The acid etching process uses a precisely proportioned acidic solution to precisely etch away excess metal, forming the driving circuitry and traces of the LCD. This step directly determines the circuit accuracy, conductivity, and panel yield.
After etching, the photoresist in the remaining LCM LCD module must be completely removed. This step is to prepare for subsequent PI coating.
An alignment film and protective layer are coated on the surface of the array glass.
This acts as a "compass" for the alignment of liquid crystal molecules, ensuring uniform film thickness and consistent orientation.
This guarantees display quality, viewing angle, and no image retention, and is a key film formation process before the LCD is turned on.
The friction process refers to rubbing microgrooves in a uniform direction onto the PI film, allowing liquid crystal molecules to align neatly in a fixed direction.
This is a key process that determines the display effect, uniformity, and presence of image retention in LCDs.
This process has three steps: Epoxy frame printing seals and bonds the two glass pieces together.
Conductive adhesive printing establishes electrical conductivity between the upper and lower substrates.
Powder coating supports cell thickness and ensures uniform display. All three processes prepare the cell for final assembly.
These three processes collectively determine whether the panel leaks, short-circuits, or has uniform cell thickness.
Lamination and Hot Pressing Process
This process requires precise alignment and bonding of the TFT and CF substrate in a vacuum environment to seal the liquid crystal.

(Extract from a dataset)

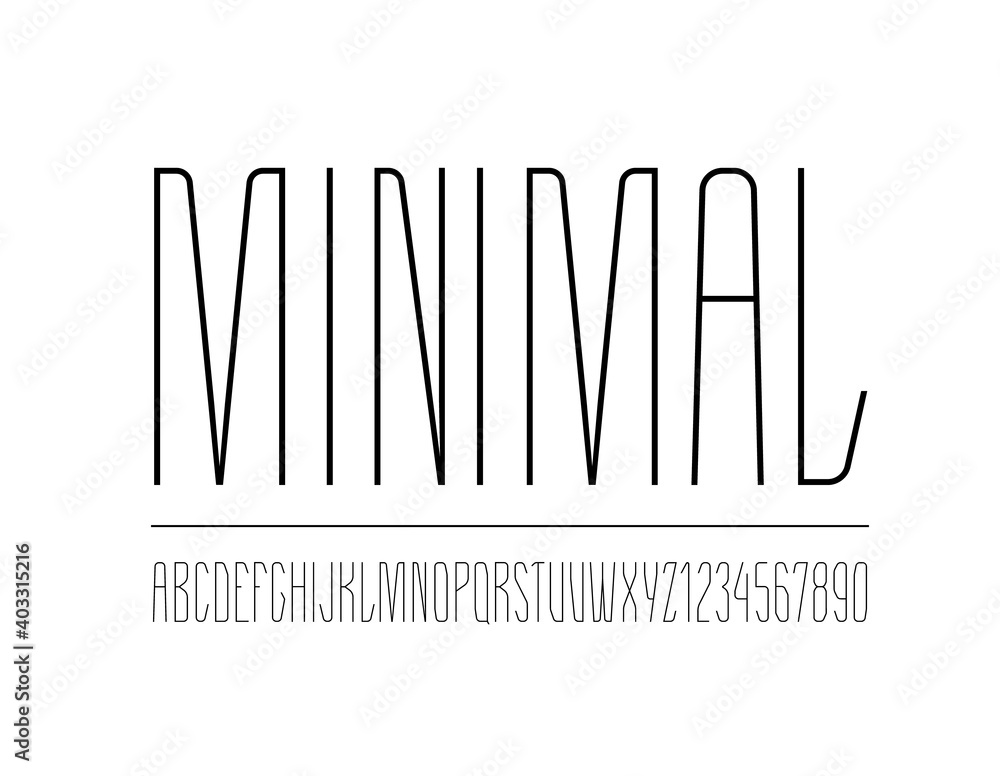 High black font, condensed tall ultra thin modern alphabet, trendy uppercase Latin letters from A to Z and Arab numbers from 0 to 9 for you designs, vector illustration 10EPS High black font, condensed tall ultra thin modern alphabet, trendy uppercase Latin letters from A to Z and Arab numbers from 0 to 9 for you designs, vector illustration 10EPS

Then, the epoxy frame is cured by hot pressing to ensure the panel is firm and leak-proof. These two processes are crucial to the success of cell assembly and directly determine the yield, cell thickness, and reliability.
Cutting/Splitting Process
A high-precision cutting wheel is used to carve shallow grooves into a large-size LCD panel, and then the panel is precisely split along the grooves.
The cut surface must be flat, without chipped edges or hidden cracks, laying a good foundation for the entire machine.
Liquid Filling/Leveling Process
The liquid crystal is injected into an empty cell, and then leveled by heating and applying electricity to ensure even distribution of the liquid crystal and eliminate air bubbles.
This step directly determines whether the image has mura (highlighting effect).
LCD Cleaning And Aging Process
LCD cleaning first thoroughly removes residual adhesive, liquid, and dust to ensure appearance and bonding yield.
Then, it undergoes high-temperature and high-humidity electrical aging to screen for early defects and stabilize the liquid crystal state.
This step can intercept over 90% of potential defects and is the core of reliability control.
Semi-finished Product QC Process
This involves a comprehensive inspection of the LCD panels after they have been assembled, including lighting, appearance, dimensions, and electrical properties.
Defects are intercepted early to prevent them from flowing into later stages and causing waste. It is a crucial quality checkpoint bridging the upstream and downstream processes.
Secondary Cleaning Plasma Process
The secondary cleaning of the OC panel removes visible dirt and grime. Plasma cleaning provides deep cleaning and surface activation, improving adhesion and bonding yield. Both processes are crucial for enhancing the adhesion of the polarizer and FPC.
Surface Mount Technology
SMT involves attaching polarizing films to the top and bottom surfaces of an LCD panel. This is the core process that enables the panel to display images, directly determining the display effect, appearance, and module yield.